Records from a dataset
================================
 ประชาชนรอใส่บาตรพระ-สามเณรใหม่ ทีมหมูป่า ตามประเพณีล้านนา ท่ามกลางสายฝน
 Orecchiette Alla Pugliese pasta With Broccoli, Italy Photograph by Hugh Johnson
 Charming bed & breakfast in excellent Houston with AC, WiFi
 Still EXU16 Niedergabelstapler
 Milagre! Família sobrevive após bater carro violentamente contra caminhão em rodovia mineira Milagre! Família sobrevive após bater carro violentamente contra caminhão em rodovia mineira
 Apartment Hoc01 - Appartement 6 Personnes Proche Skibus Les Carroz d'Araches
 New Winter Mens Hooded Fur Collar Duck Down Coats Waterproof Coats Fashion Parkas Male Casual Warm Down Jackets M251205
================================
Exactly reproduce the lines that run from the line with "Charming bed &" through the last line of the records, inclusive.

## EXERCISE RESULT
 Charming bed & breakfast in excellent Houston with AC, WiFi
 Still EXU16 Niedergabelstapler
 Milagre! Família sobrevive após bater carro violentamente contra caminhão em rodovia mineira Milagre! Família sobrevive após bater carro violentamente contra caminhão em rodovia mineira
 Apartment Hoc01 - Appartement 6 Personnes Proche Skibus Les Carroz d'Araches
 New Winter Mens Hooded Fur Collar Duck Down Coats Waterproof Coats Fashion Parkas Male Casual Warm Down Jackets M251205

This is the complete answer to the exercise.